REQUIREMENT:
In the material below, pictures must be dropped. Repeat exactly, and only, the lines from the line with "Folder Vector Icon" to the line with "1St. K2 CrossHook Dachhaken 3S long 2004222", both ends included.

DATA SHOWN:
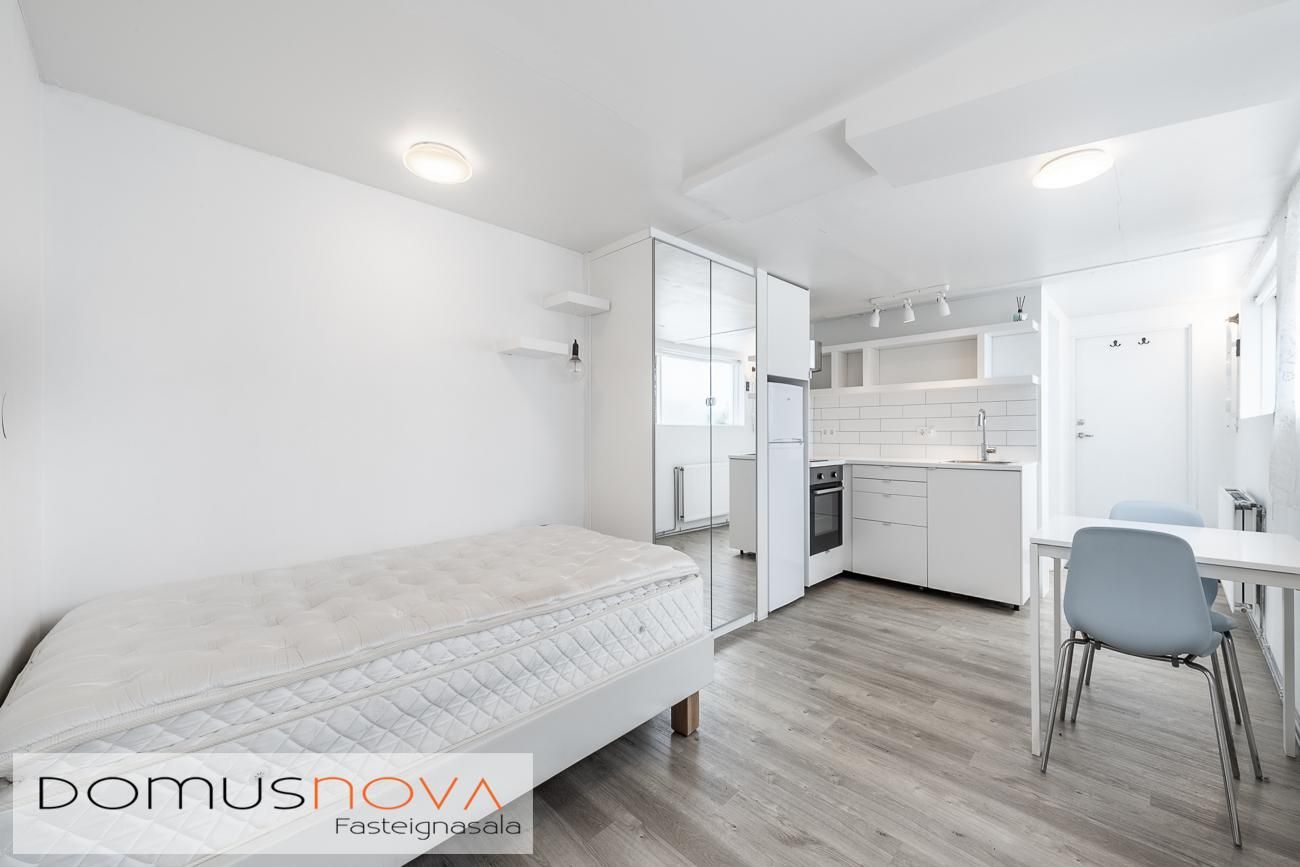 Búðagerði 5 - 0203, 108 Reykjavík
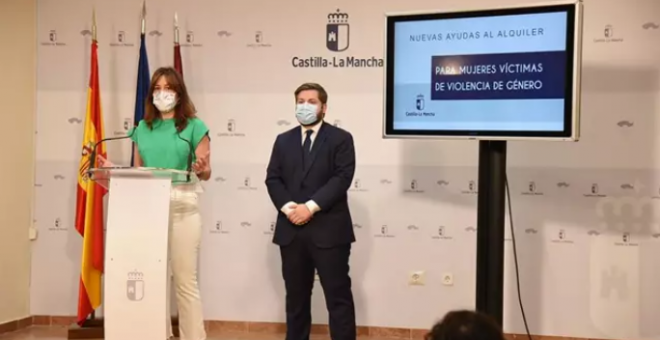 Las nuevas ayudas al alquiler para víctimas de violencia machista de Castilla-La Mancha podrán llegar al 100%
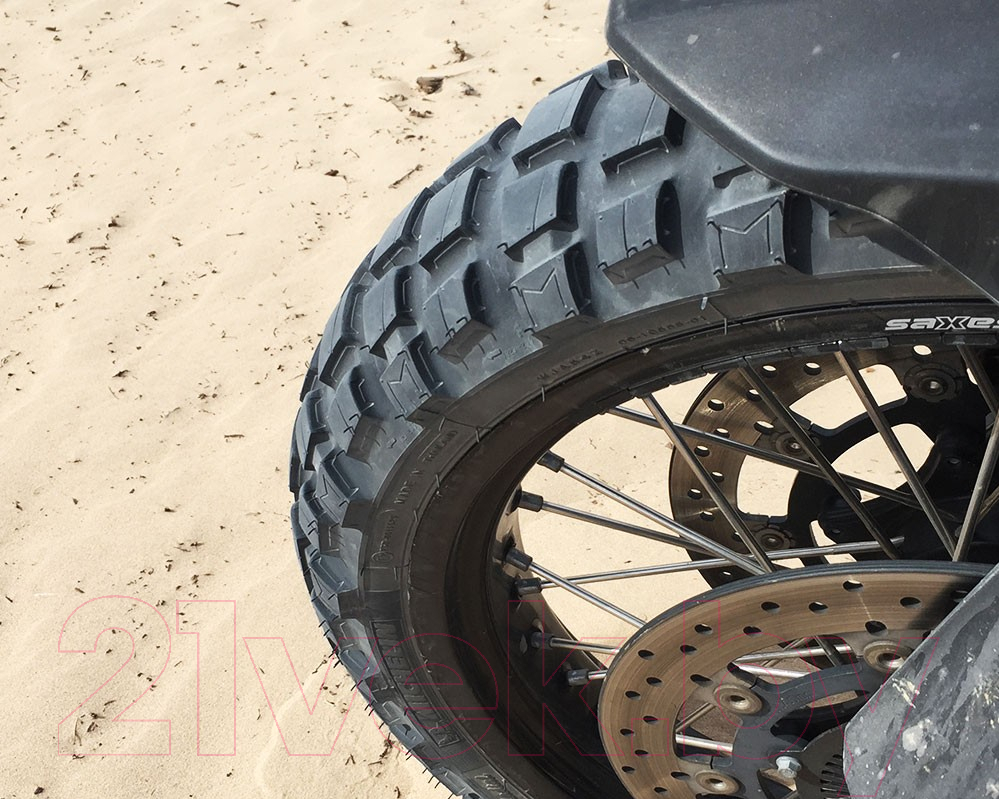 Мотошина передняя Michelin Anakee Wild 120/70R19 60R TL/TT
==
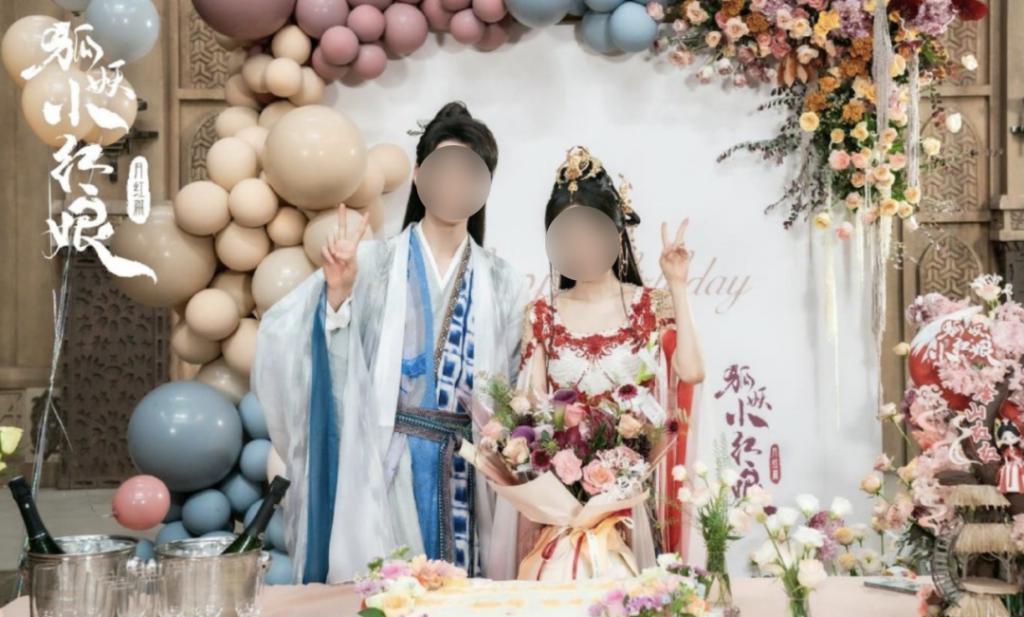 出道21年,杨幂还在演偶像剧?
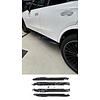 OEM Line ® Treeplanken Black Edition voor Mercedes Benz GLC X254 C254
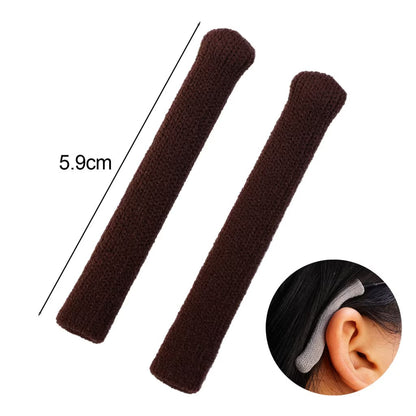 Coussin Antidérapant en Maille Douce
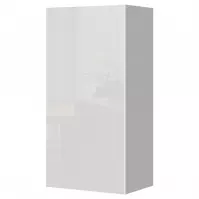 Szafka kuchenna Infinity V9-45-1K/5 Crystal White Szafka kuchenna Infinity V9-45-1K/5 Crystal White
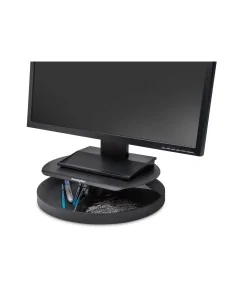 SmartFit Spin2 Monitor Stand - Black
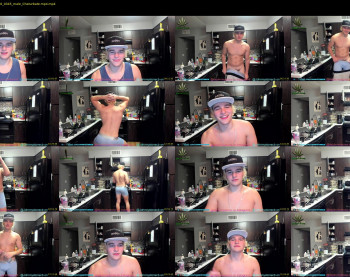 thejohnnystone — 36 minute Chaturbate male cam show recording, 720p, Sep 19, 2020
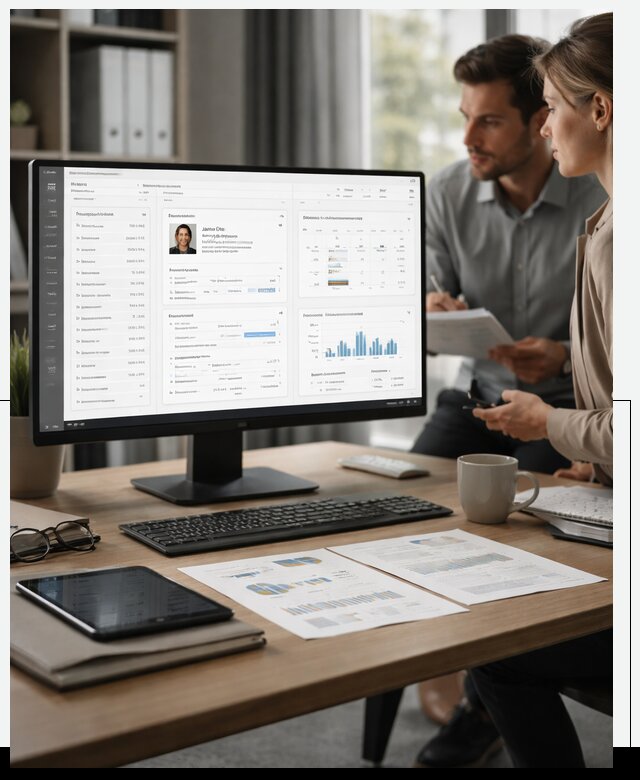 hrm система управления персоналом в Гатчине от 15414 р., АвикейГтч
--
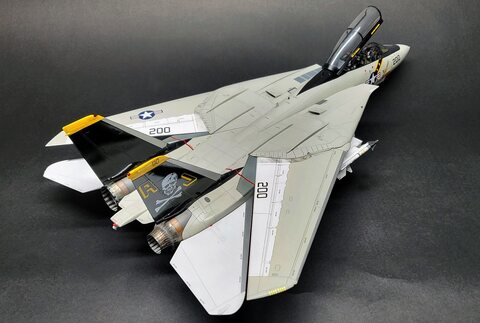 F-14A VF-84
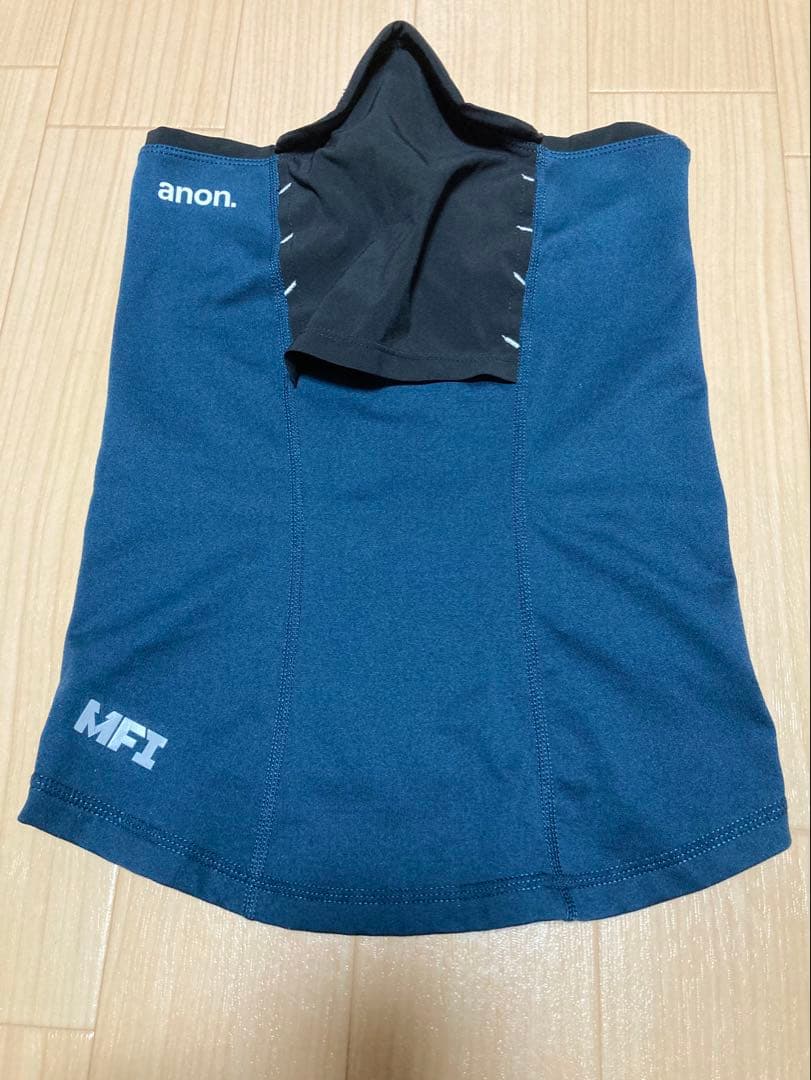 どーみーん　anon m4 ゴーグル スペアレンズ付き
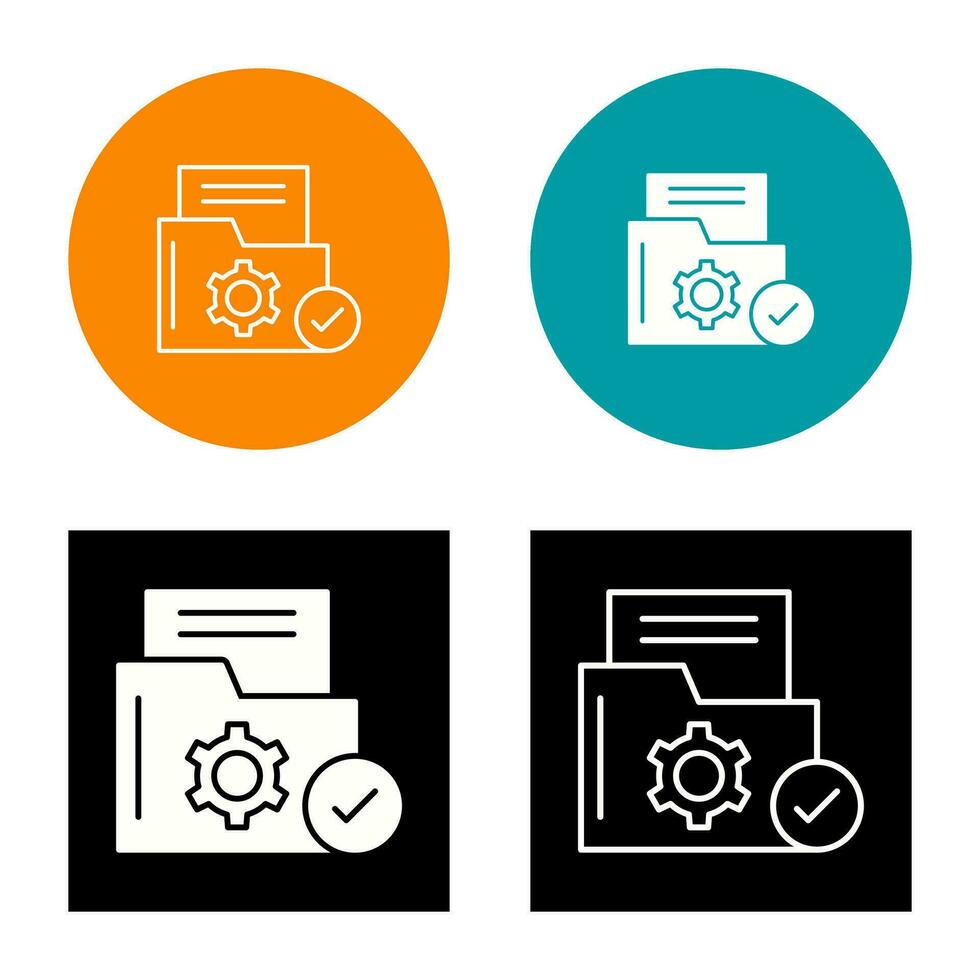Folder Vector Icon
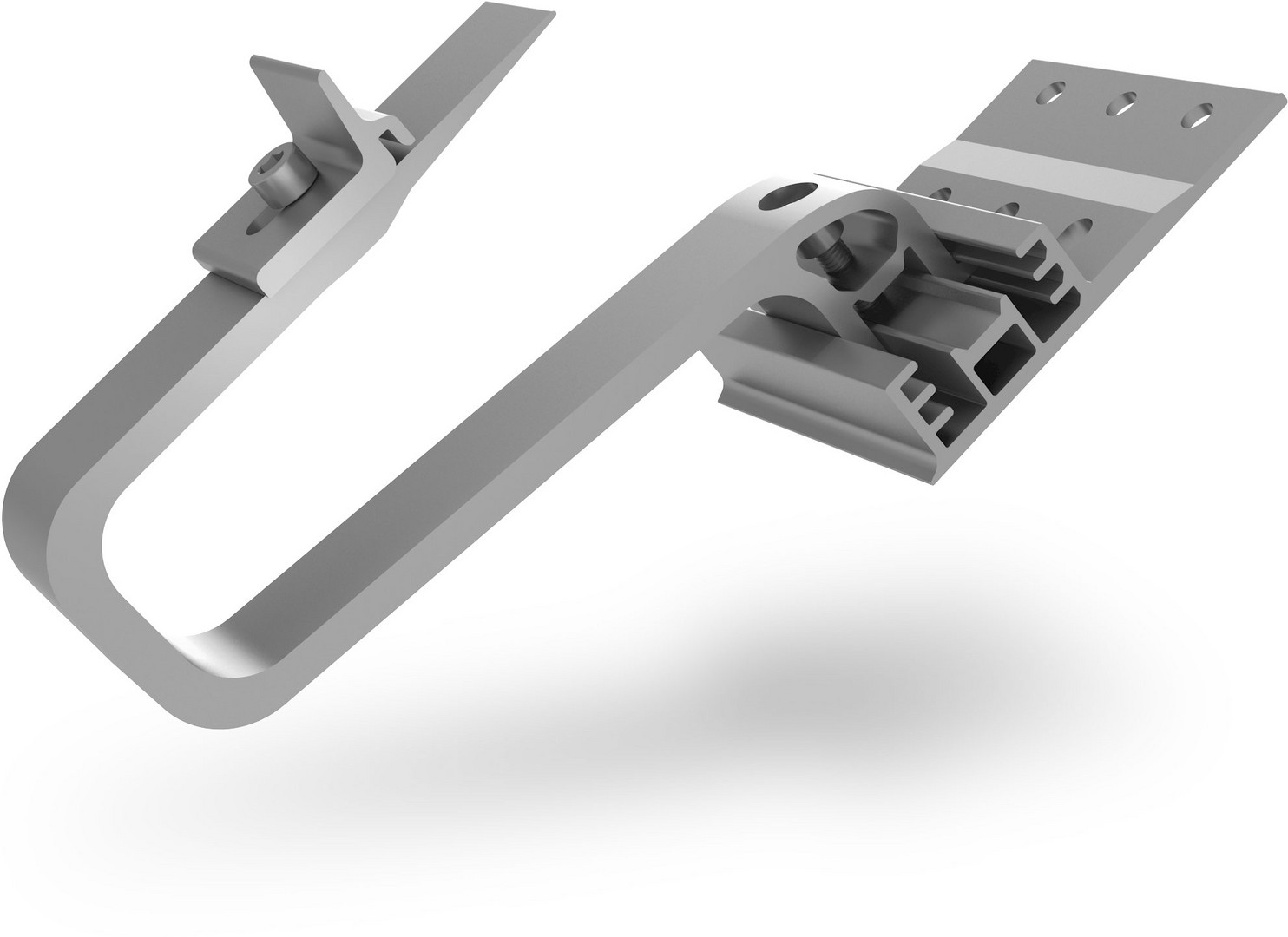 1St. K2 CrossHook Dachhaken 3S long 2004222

YOUR RESPONSE:
Folder Vector Icon
 1St. K2 CrossHook Dachhaken 3S long 2004222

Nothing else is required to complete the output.